## What is being asked
In the material below, the lines between the one holding "Blue and Green" and the one holding "Elegant 0.25ct Heart", inclusive, are to be set down word for word. Pictures stay out.

## Supplied data

····················

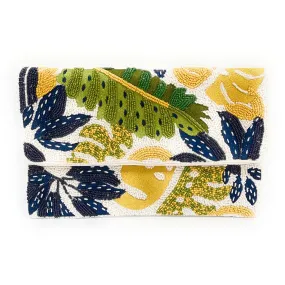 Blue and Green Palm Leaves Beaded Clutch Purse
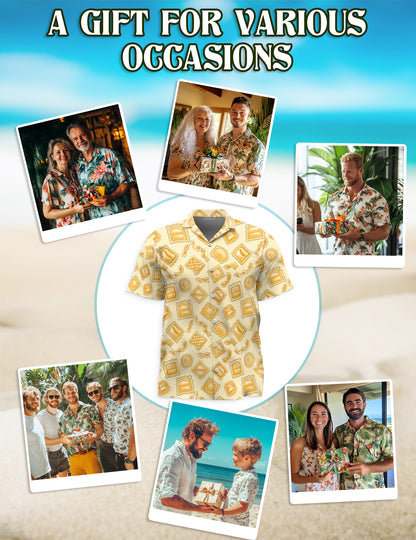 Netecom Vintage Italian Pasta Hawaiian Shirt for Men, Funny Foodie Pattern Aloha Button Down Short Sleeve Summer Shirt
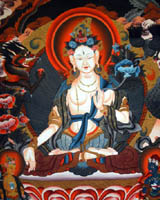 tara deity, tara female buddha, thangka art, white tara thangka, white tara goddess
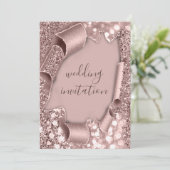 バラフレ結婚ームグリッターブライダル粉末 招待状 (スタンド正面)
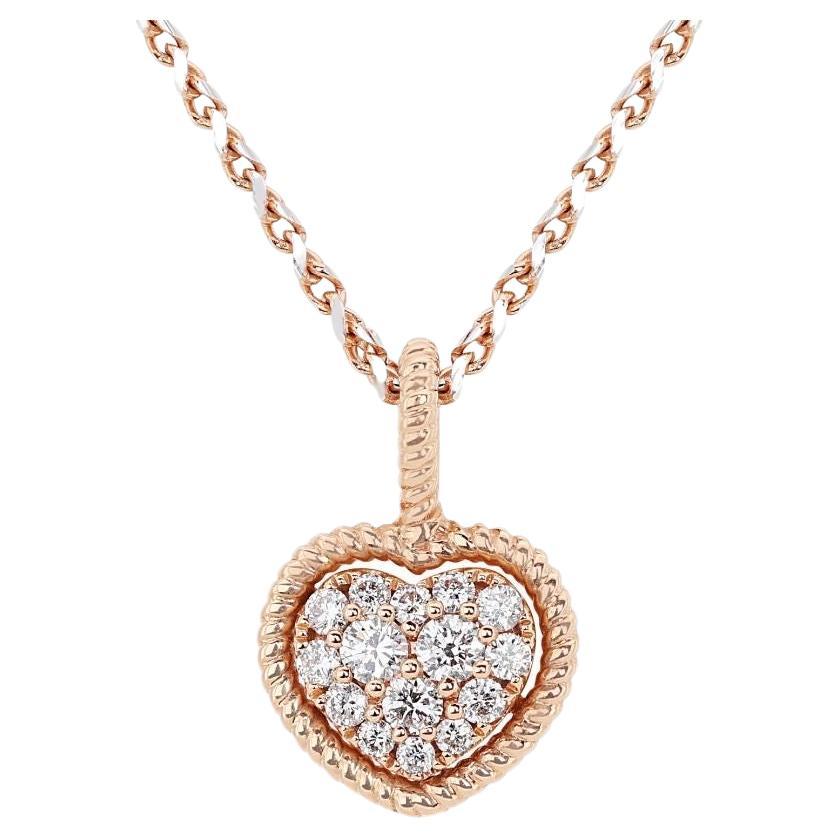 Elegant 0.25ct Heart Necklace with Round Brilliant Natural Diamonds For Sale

····················

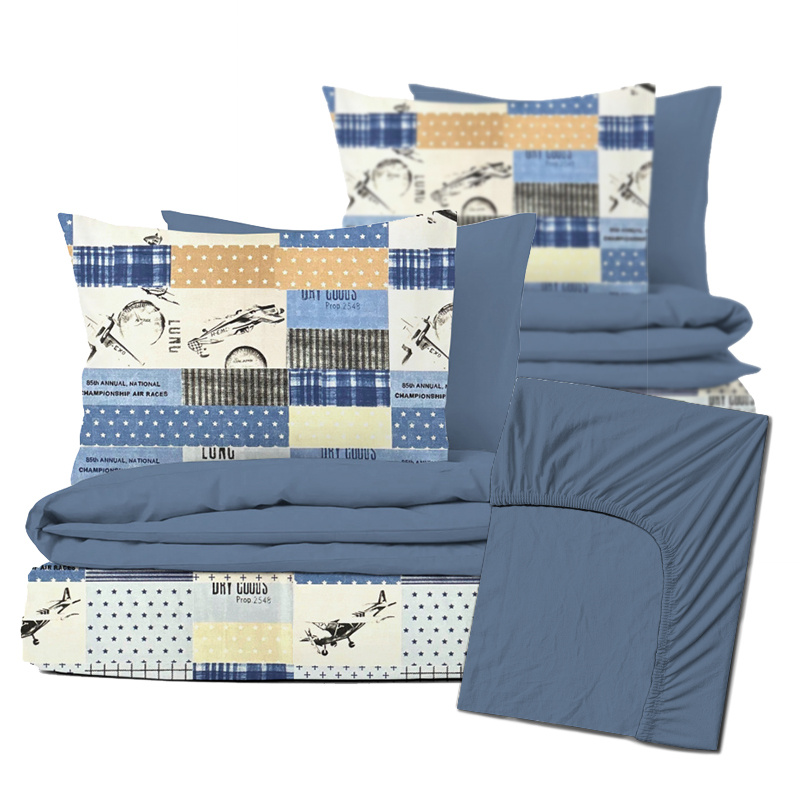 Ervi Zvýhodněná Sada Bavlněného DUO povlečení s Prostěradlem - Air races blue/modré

····················

## Answer for this exercise
 Blue and Green Palm Leaves Beaded Clutch Purse
 Netecom Vintage Italian Pasta Hawaiian Shirt for Men, Funny Foodie Pattern Aloha Button Down Short Sleeve Summer Shirt
 tara deity, tara female buddha, thangka art, white tara thangka, white tara goddess
 バラフレ結婚ームグリッターブライダル粉末 招待状 (スタンド正面)
 Elegant 0.25ct Heart Necklace with Round Brilliant Natural Diamonds For Sale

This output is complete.